Health Care, Religion, Government, and The Left – Part II

Last night, I posted some audio of lawyers at a loss for words at a panel discussion on religion and government.  This morning, I’d like to post another clip from the Q&A, one that I think is particularly revealing about the left’s attitude towards religious liberty.  The commenter is Ed Kahn, the lawyer for the Colorado Center on Law and Policy, and he’s discussing to what extent a hospital’s association with a religious body should matter.  Shorter answer: none.  But let him tell you himself.

(The audio quality here is markedly worse than the clip last night from Ms. Hart.  I think it’s a combination of Mr. Kahn’s voice and the fact that he was sitting farther away from the mike, but there’s a persistent hiss.  I ran it through the noise reduction algorithm, and while it got rid of most of the hiss, there’s a residue that makes it sound like he’s talking from the engine room of a starship, if the engine were powered by boilers, but I think it’s easier to hear than the raw sound.)

They can close shop on Saturday, but that doesn’t make them like a church or synagogue in my view.  And if they’re going to hold out their product or their service to the public, then they should not be able to mandate that their religious beliefs to which they subscribe, that the results of that belief should be visited on the people who are entitled to sign up for that service.

If there’s a market where comprehensive health care is available without restriction, and people understand that, then maybe it’s ok for somebody to say that we’re a Catholic health insurer and our hospital is going to be open six days a week, but our emergency room will be open on the Sabbath.  But in general, I think that if you’re providing a public service that is a necessity, especially, that it ought to be provided across the board, and the law ought to require it as a condition of licensing.

Some states do say to Catholic (unintelligible) hospitals, “You cannot restrict (unintelligible) abortion, you cannot restrict contraception services or tubal ligation,” and that, I think, is the better standard.  So I start there.  I think the concept that these organizations are health care, providing what’s a necessity, not simply a good like a candy store, overrides the ability to finesse what services they will or won’t provide, given an economic necessity or need, especially in monopoly situations.

There’s almost too much here to unpack, but let’s give it a try.  It embodies almost all the current liberal assumptions about having a right to other people’s work product, and the inconsequentiality of others’ religious beliefs, to the extent that they differ from your own.

The phrase that really popped out at me was this: “…people who are entitled to sign up for that service.”  Who talks this way, about people “signing up for a service?”  The Left, apparently.  Remember when Michael Moore rolled up to congressmen, asking them if they would be willing “sign their kids up to serve in Iraq,” as though it were a particularly violent venue for sleep-away camp.  Seventh-graders are “entitled to sign up for” band.  Adults purchase products and services with their own money.  Seventh-graders buy things, too, generally with their parents’ money, which leads them to feel entitled.

The statement provides a case study of the inevitable intersection between social issues and economic ones.  The Left feels entitled to sign other people up to do things for them, without realizing that at a minimum, there’s an opportunity cost.  Grant the dubious proposition that All Hospitals Are Created Equal, that you can require anything calling itself a hospital to provide a menu of services at all times, in all places.  They still can’t pay for the staff, facilities, and equipment to be perpetually on-call for every conceivable service or procedure.  They will have to make choices.  And since they are the ones providing the services, their own priorities and values will and ought to guide those choices.

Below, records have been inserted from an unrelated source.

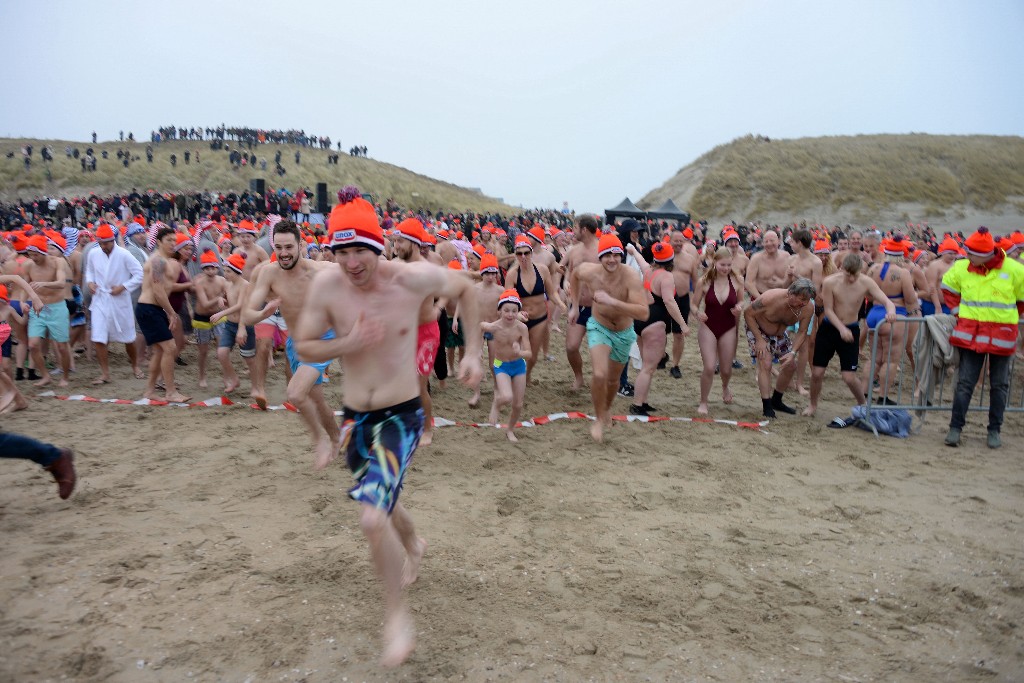 ../Images/Nieuwjaarsduik Nederzandt 2020 031.jpg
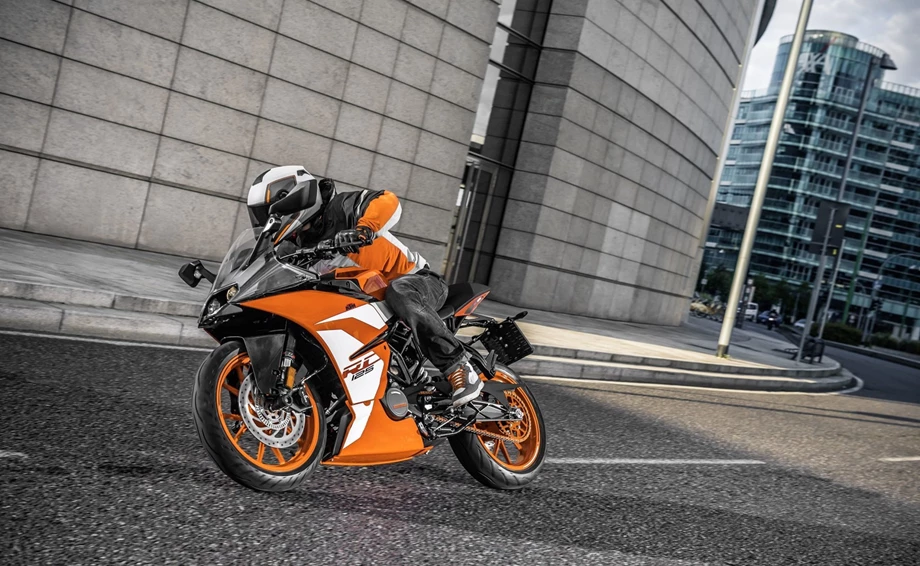 KTM RC 125 Bild 7: KTM RC 125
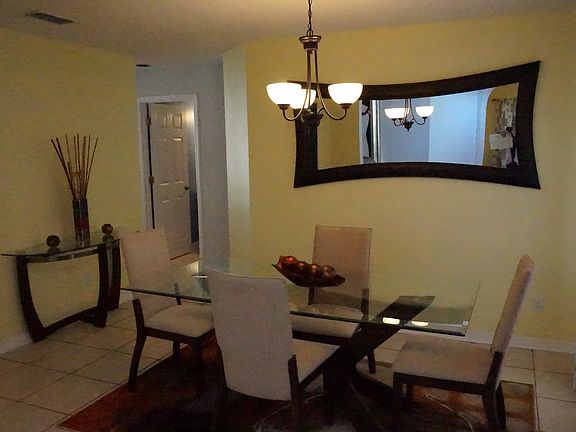 5th image of 12695 Lakebrook Drive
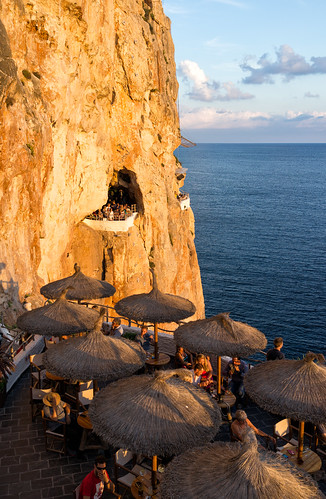 sunset sea people water disco spain mediterranean lounge watching bluesky cliffs caves cave menorca balearicislands illesbalears covadenxoroi sacova westernmediterranean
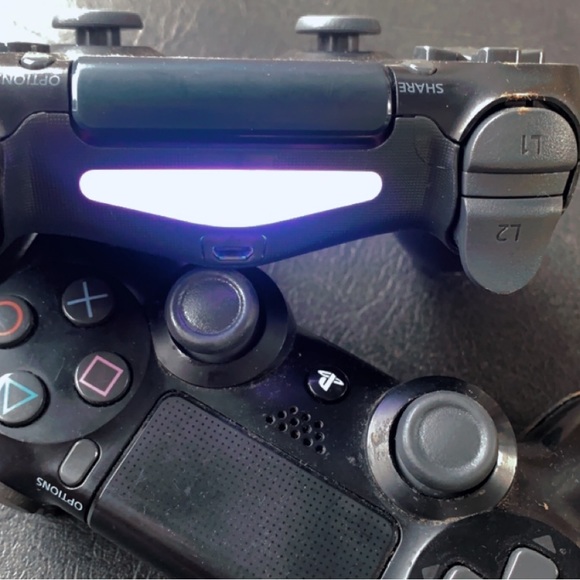 PS4 Controllers - Picture 2 of 3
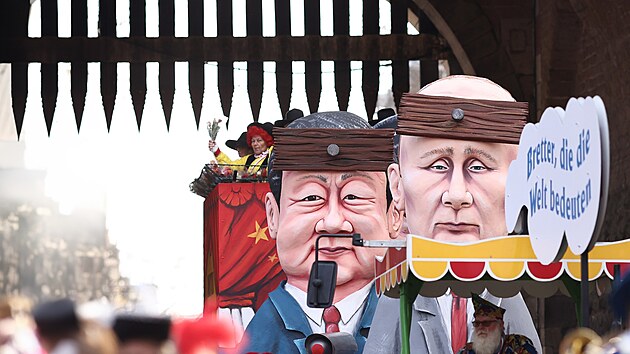 Putin a Si. Vdci Ruska a íny si rozumjí. Jejich figuríny projídjí Kolínem...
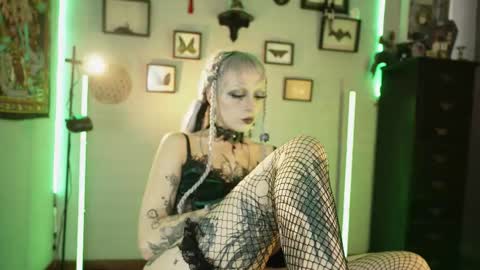   SANIA  online show from February 13, 4:52 pm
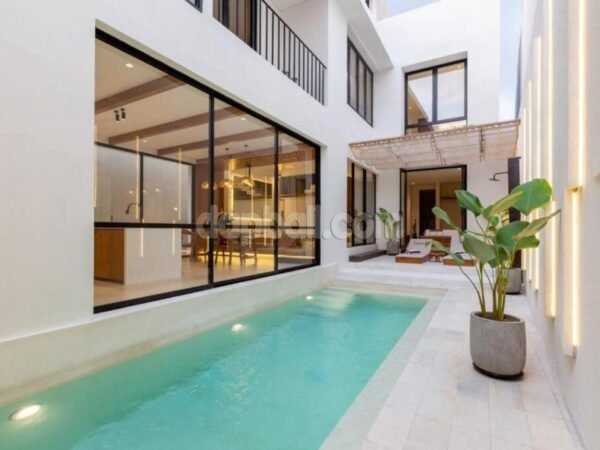53884 - 3-Bedroom Villa with Rooftop in Central Pererenan, Badung
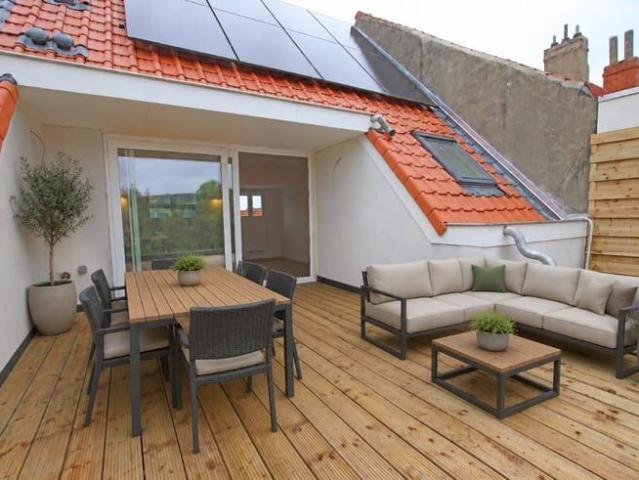 Renovated duplex apartment with sunny terrace!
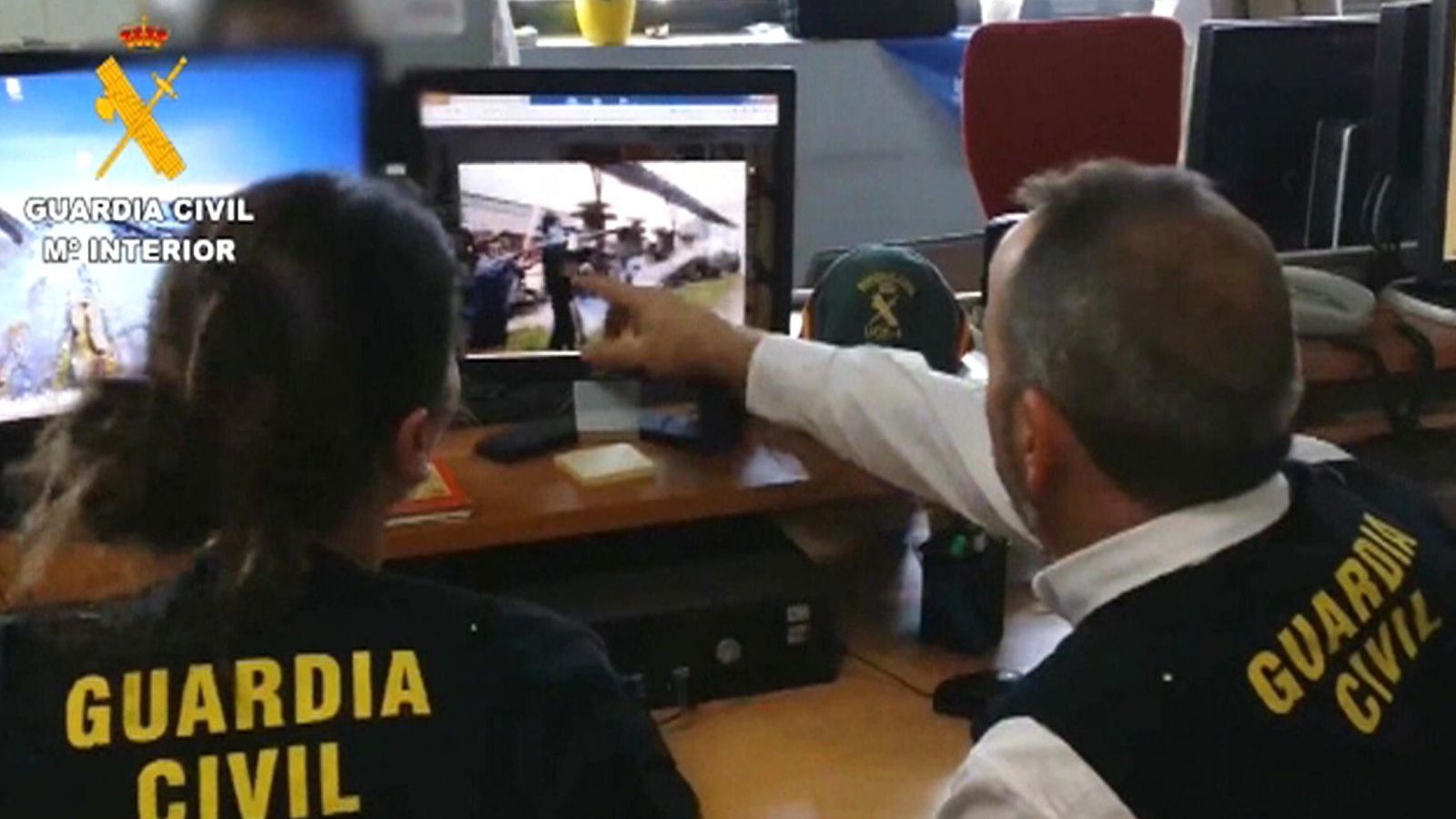 Foto: Imagen extraída del vídeo faciltado por la Guardia Civil de la operación Araña en abril de 2014. (EFE)
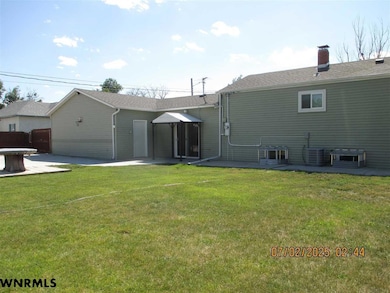 1615 15th Ave, Scottsbluff, NE 69361 - photo 3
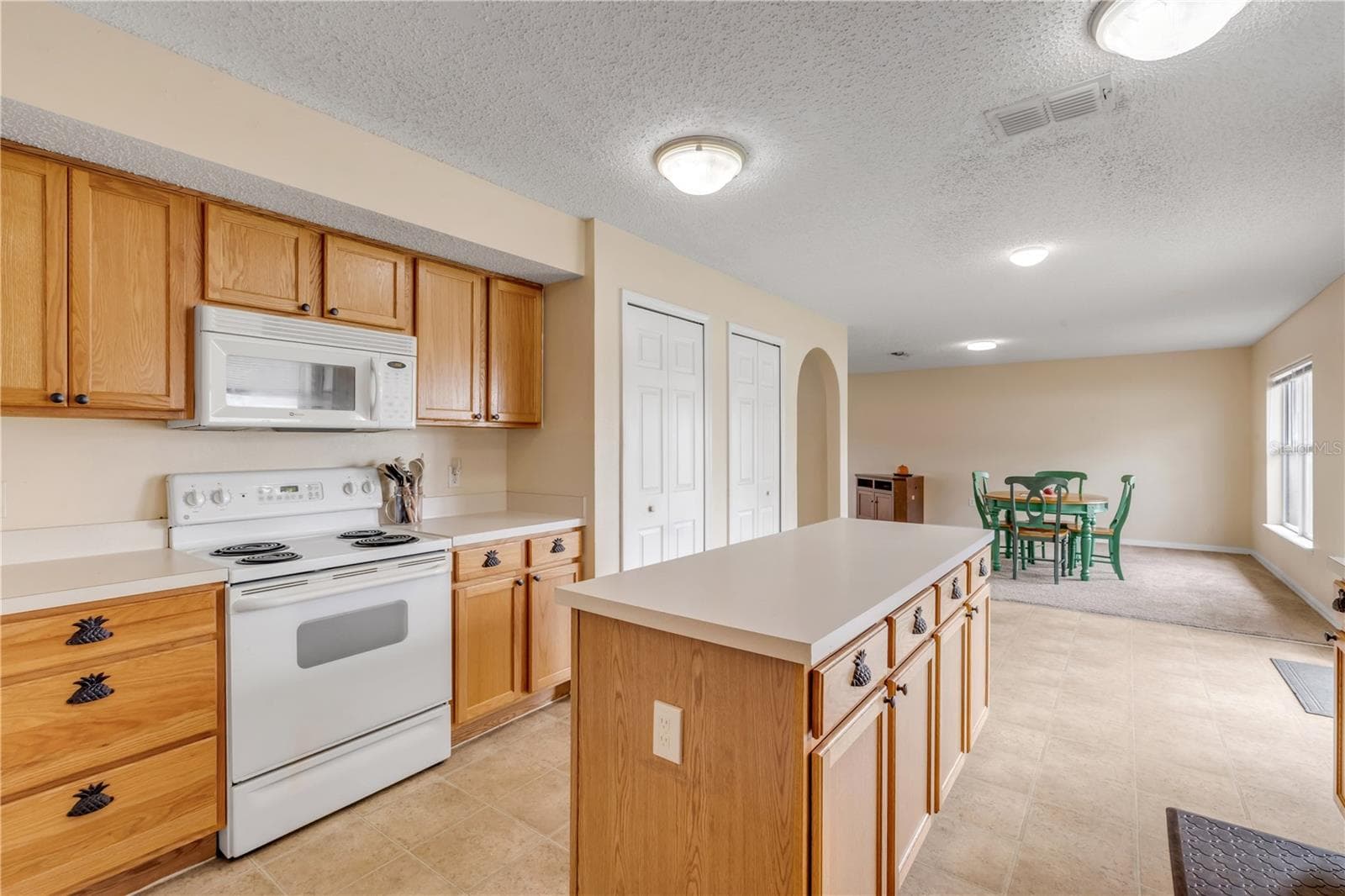 Single Family Residence at 12 ROXLAND LN, PALM COAST, photo 10 of 34
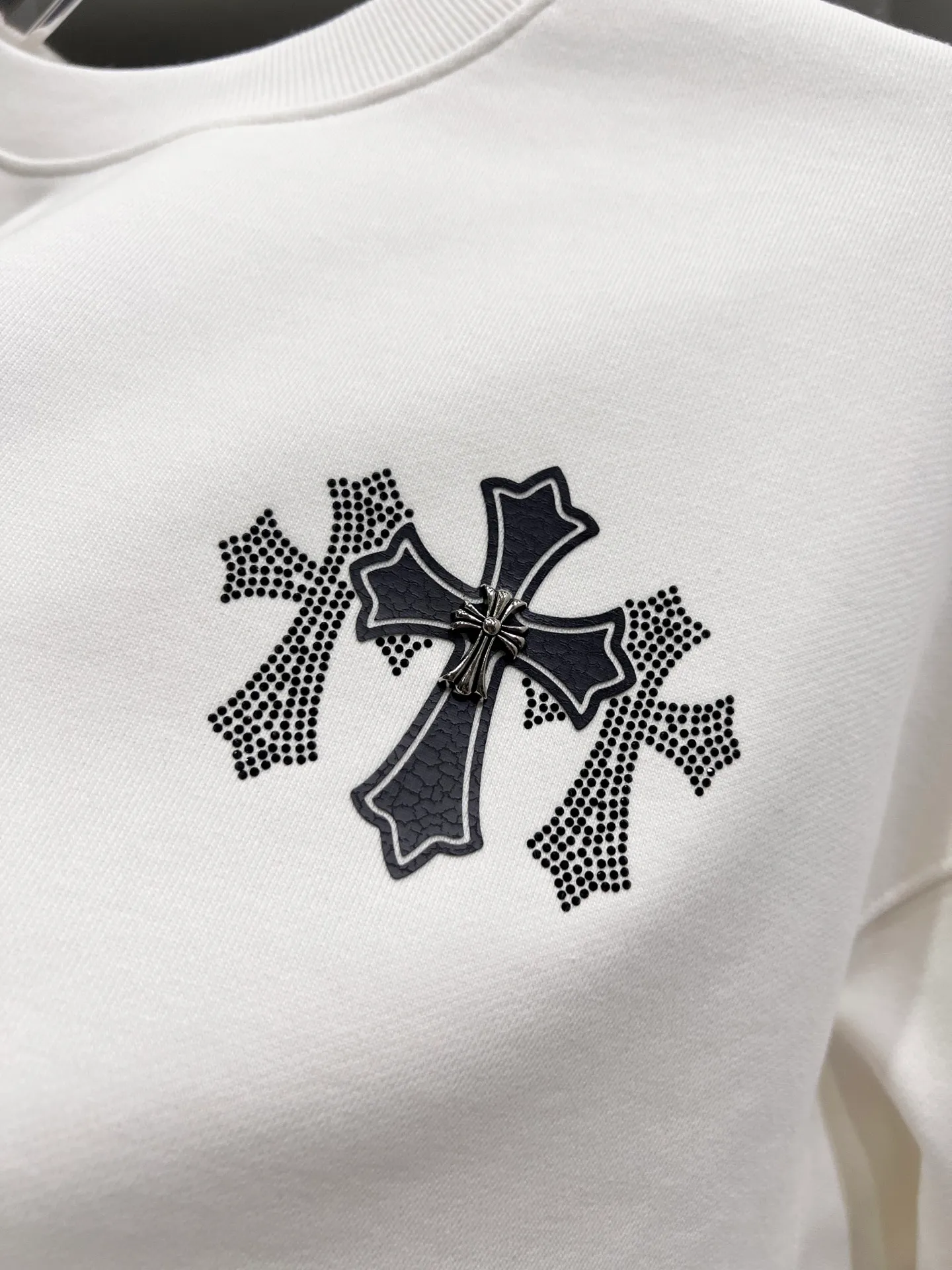 🅿️280 CH Crowe 2025 Autumn and Winter New Style Round Neck Long Sleeve Sweater Cross Patch Leather + Customized Hardware Metal Horseshoe Sanskrit Characters + Middle Eastern Australian Diamond Design Craftsmanship The real thing is great🔥Same style for men and women, loose version Size S M L XL XXL Five sizes Black White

That’s really the only fair way to decide.

If Charles Bronson were still around, he might reprise his scene from The Magnificent Seven where he throws the Mexican child over his knee and whacks him a couple of times for ingratitude, reminding him that his parents don’t do everything for him because they have to.  (Hey, you want to be treated like a child?)  Nobody makes the church or churches run these hospitals in the first place, except themselves from their own religious conviction.  If that same religious conviction prevents them from providing other services, Planned Parenthood should just see that as a market opportunity.

Of course, the same law that enables the HHS Mandate also makes it virtually impossible to open new, specialized, physician-owned hospitals, thus providing further justification for commandeering existing facilities.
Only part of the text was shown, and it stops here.